The formula for the ridge regression coefficients is
$$ \beta = {X^{\top}Y}({X^{\top}X+\lambda I})^{-1}$$
I have tried to derive it as follows:
- The loss is (I am omitting the sum before the square term):
$$ L = {(X^{\top}\beta-Y)^2+\lambda\beta^{\top}\beta} $$
- Take the derivative and equating to zero:
$$ \frac{dL}{d\beta} = 2({X^{\top}\beta-Y)X}+2{\lambda \beta}$$
- Equating the derivative to zero (we can get rid of the multipliers $2$) and expanding:
$$ X^{\top} X\beta- X^{\top} Y +\lambda \beta = 0 $$
- Isolating beta:
$$ \beta ( X^{\top} X + \lambda) = X^{\top} Y$$
Here in the 4th step, I should somehow arrive at a formula that has $\mathbf I$ right after $\lambda$. Where I am making a mistake? I know it must be there but I don't understand why it should be there or based on what rule I should add it after $\lambda$. Thanks.
There's no rule that says that $X^T X \beta + \lambda \beta = (X^T X + \lambda) \beta$. The expression on the right would not make sense, because we would be adding a matrix $X^T X$ to a scalar $\lambda$.
However, we can say that $X^T X + \lambda \beta = X^T X + \lambda I \beta = (X^T X + \lambda I) \beta$.

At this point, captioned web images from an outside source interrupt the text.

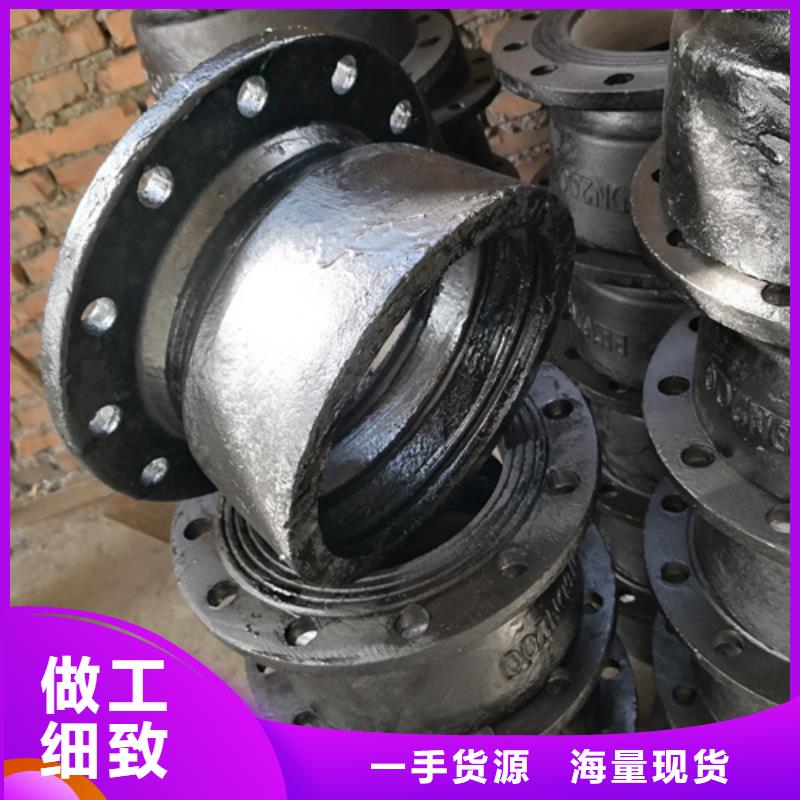 球墨铸铁管件_【K10球墨铸铁排水管】源厂直接供货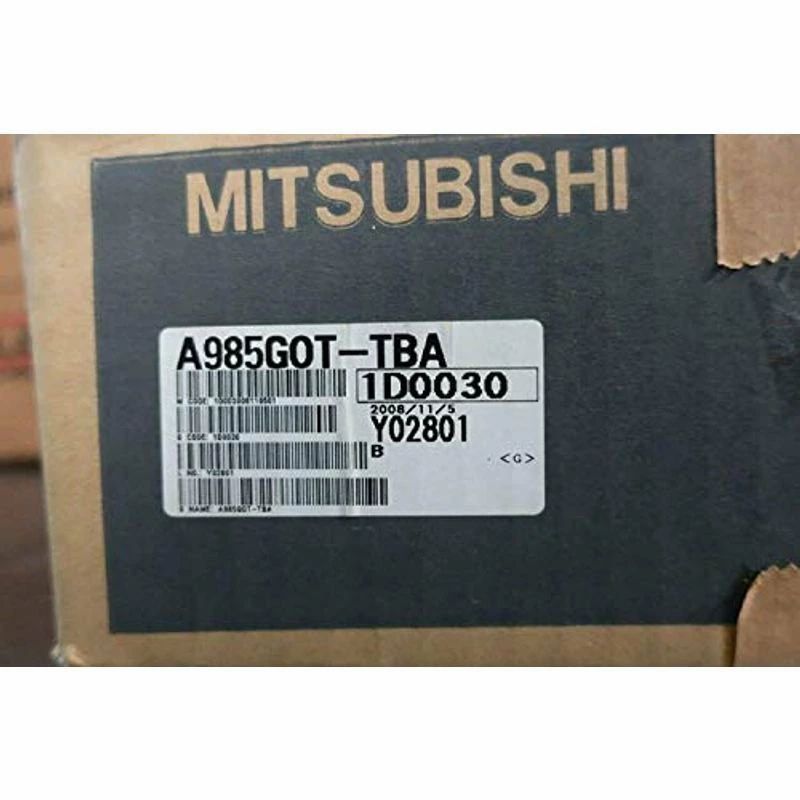 【 新品★送料無料 】三菱電機 シーケンサ ータッチパネル A985GOT-TBA 【６ヶ月保証】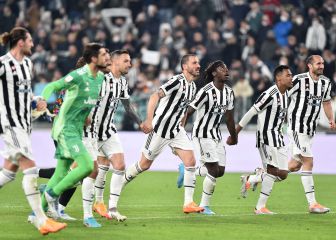 Histórico: habrá un Inter-Juve en la final
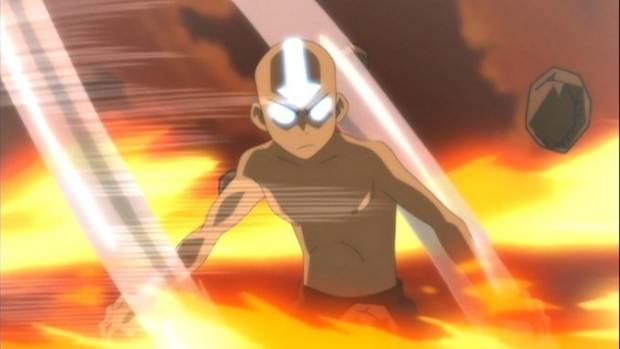 Avatar Last Airbender FGC drama
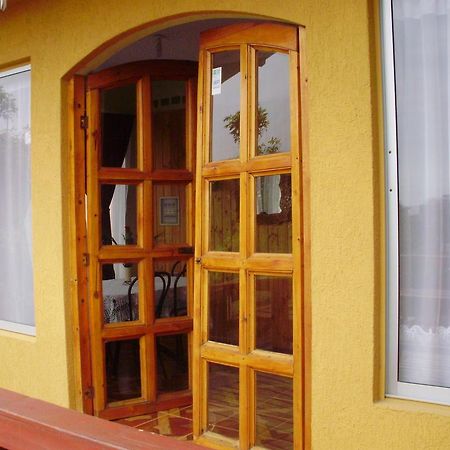 Hostal Libertad El Quisco Exterior photo
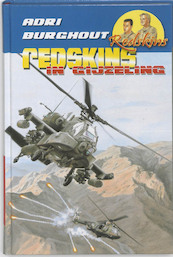 Redskins in gijzeling - Adri Burghout (ISBN 9789033122149)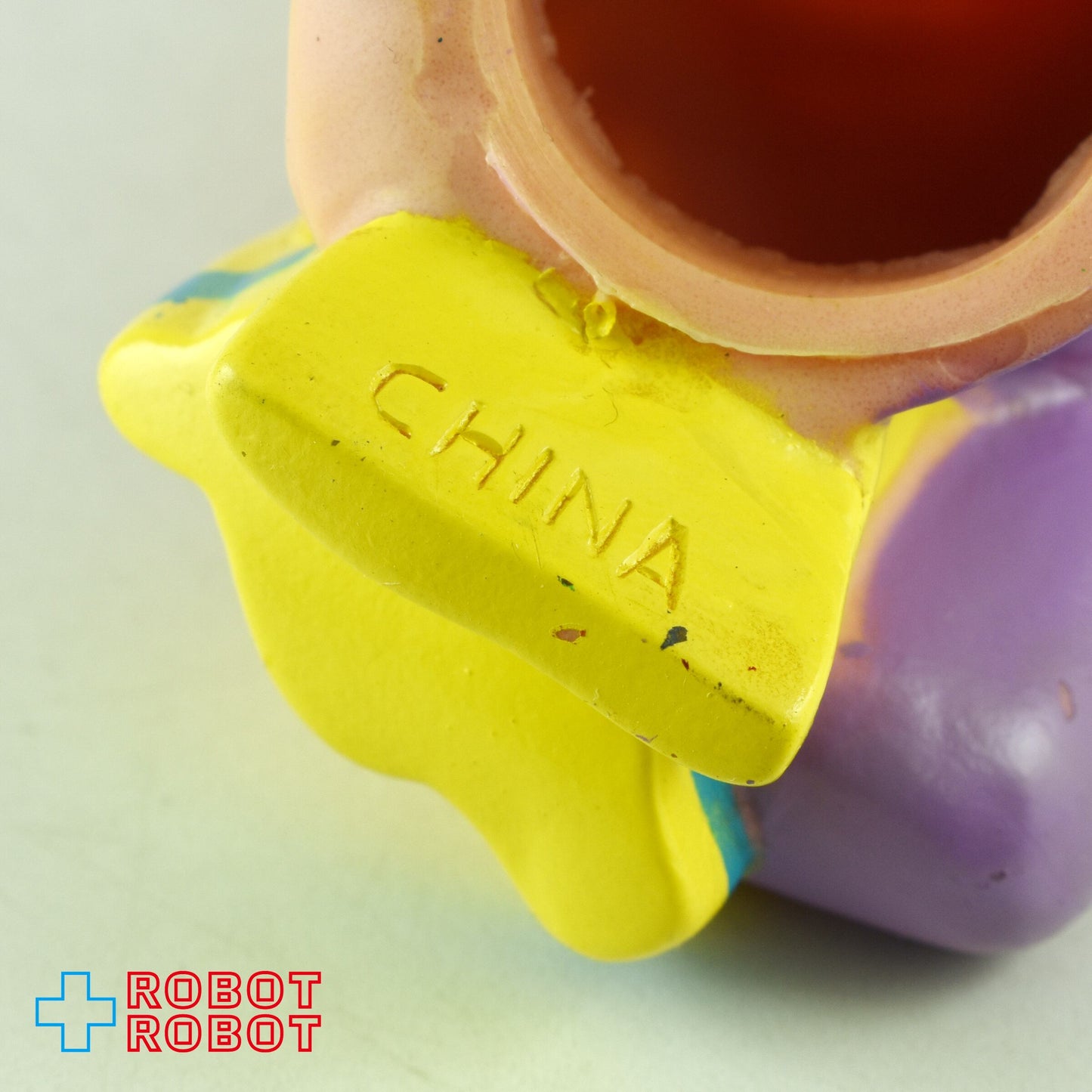 キッドケア マジック・スクール・バス フリズル先生 バブルバス ボトル ソーキー 紙タグ付き 1995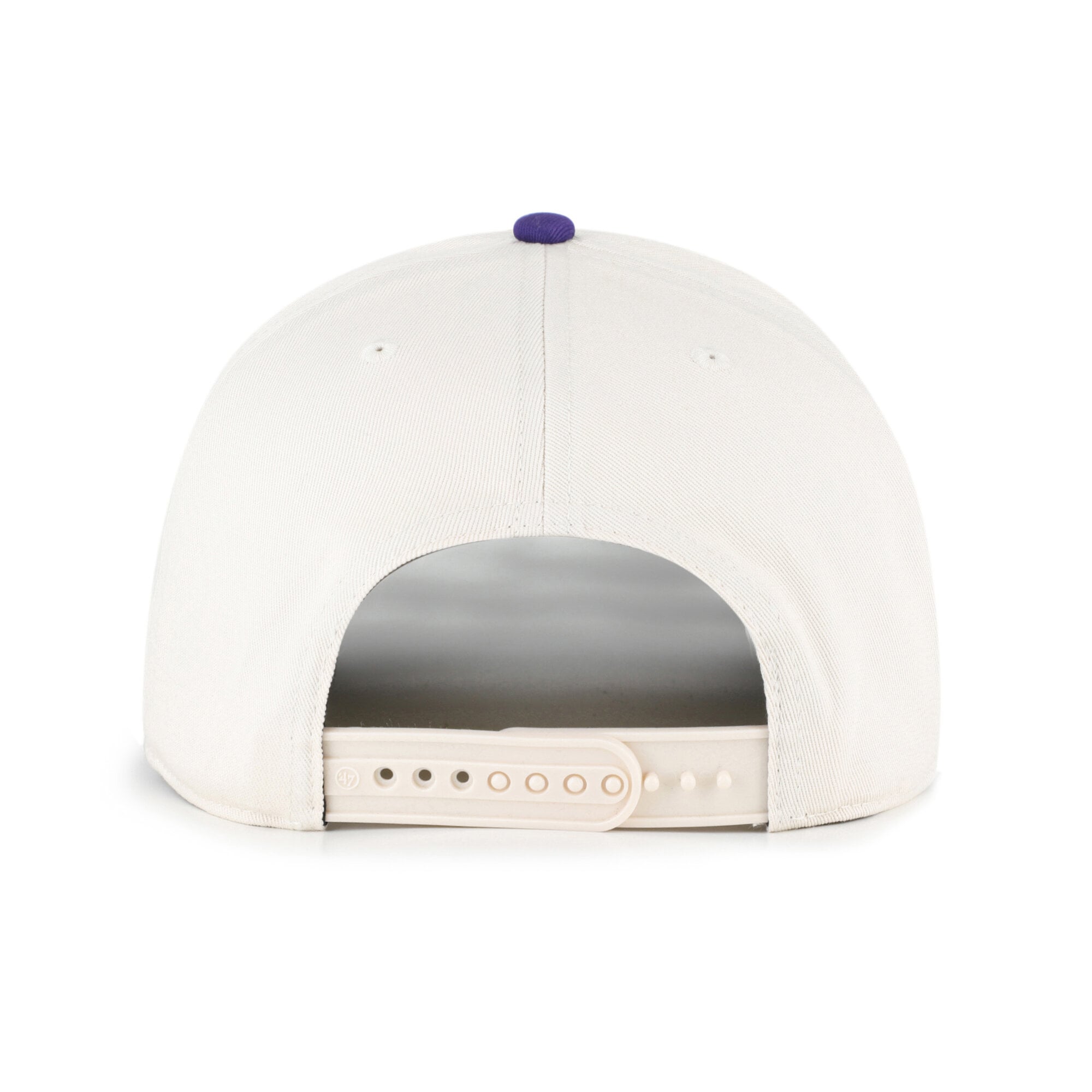 Casquette ajustable Arcitext Hitch '47 Natural Sacramento Kings pour homme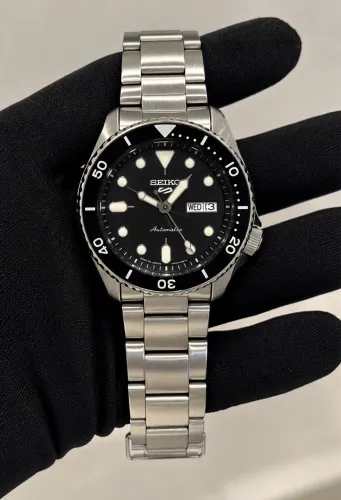 RELÓGIO SEIKO 5 SPOT 42MM AUT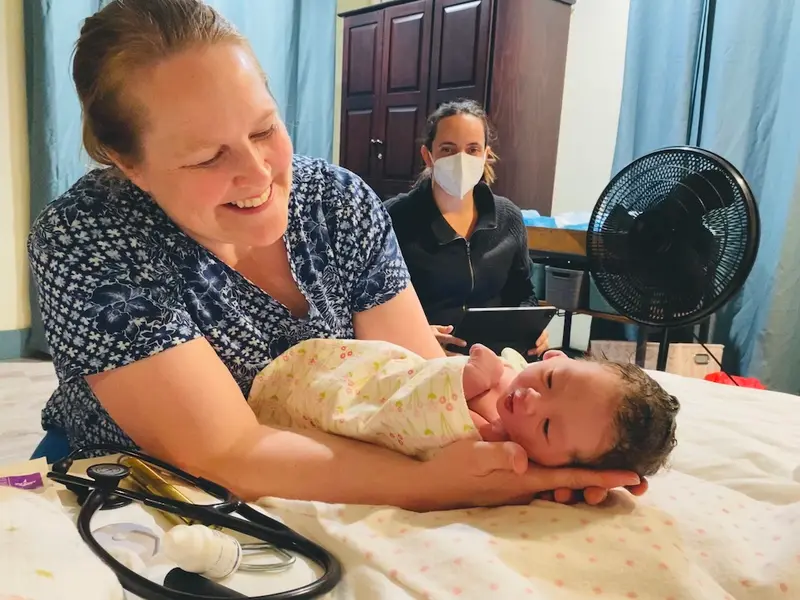 img of The War on Birth Centers: How Bureaucracy and Protectionism Are Killing Mothers and Undermining Healthcare Freedom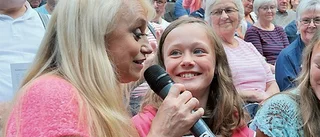 Energirik show med Nanne Grönvall
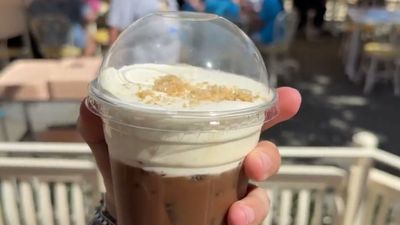 Toffee-Nut Cold Brew
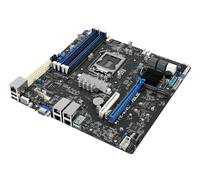 ASUS P11C-M/4L Intel C242 LGA 1151 (Emplacement H4) micro ATX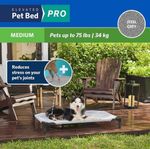 Cama para Mascota Térmica 41x27.5 Plg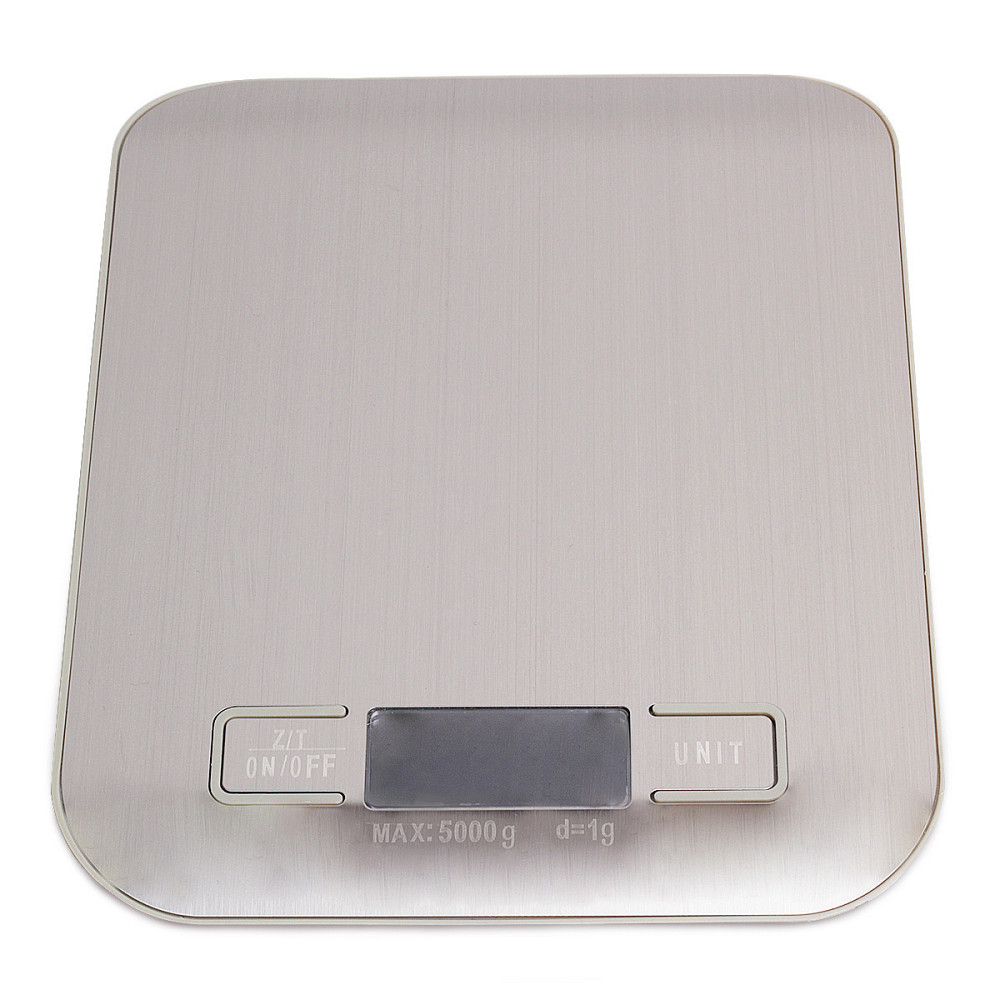 Весы кухонные Kamille KM-7102 5 кг Киев - изображение 4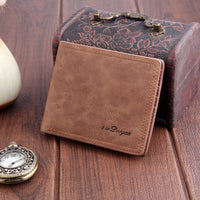 067 short style light coffee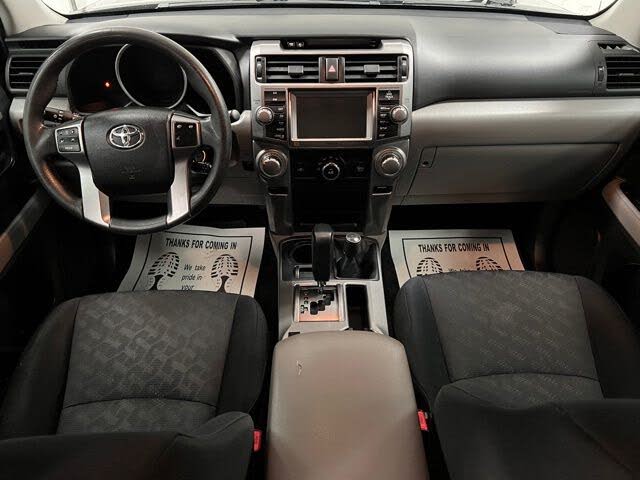 2011 Toyota 4Runner
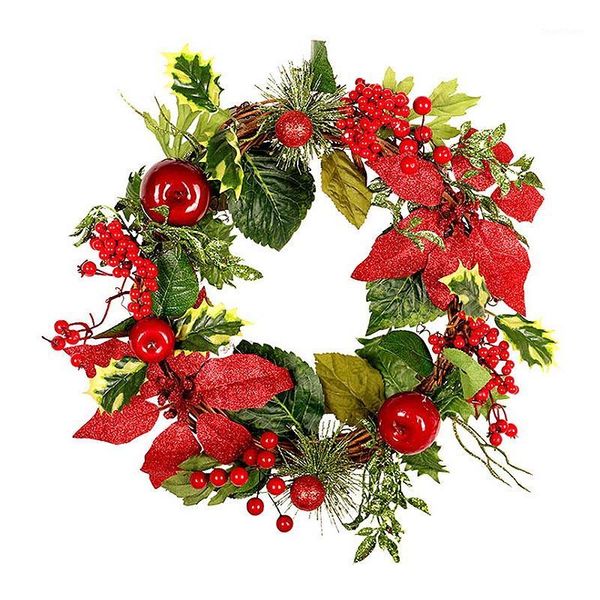 home wall window door hanging artificial flower garland fake berry flower wreath christmas thanks giving festival decor1
home wall window door hanging artificial flower garland fake berry flower wreath christmas thanks giving festival decor1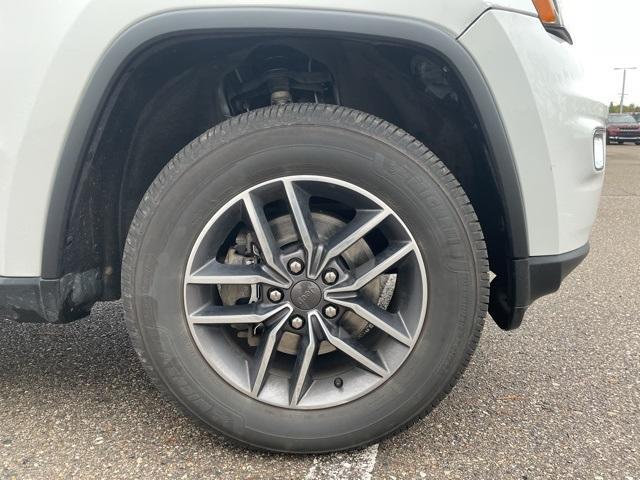 used 2019 Jeep Grand Cherokee car, priced at $20,000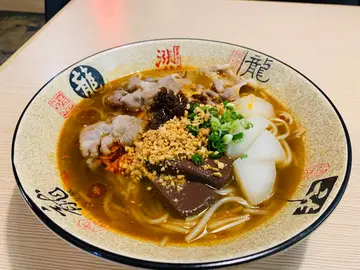 冒菜午市套餐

By the way, I would write the full calculation like this. Our goal is to minimize the function $$ f(\beta) = \frac12 \| X \beta - Y \|^2 + \frac{\lambda}{2} \| \beta \|^2. $$ Using the multivariable chain rule, we see that the derivative of $f$ is $$ f'(\beta) = (X \beta - Y)^ T X + \lambda \beta^T. $$ So the gradient of $f$ is $$ \nabla f(\beta) = f'(\beta)^T = X^T(X \beta - Y) + \lambda \beta. $$ Setting $\nabla f(\beta) = 0$, we obtain $$ (X^T X + \lambda I) \beta = X^T Y. $$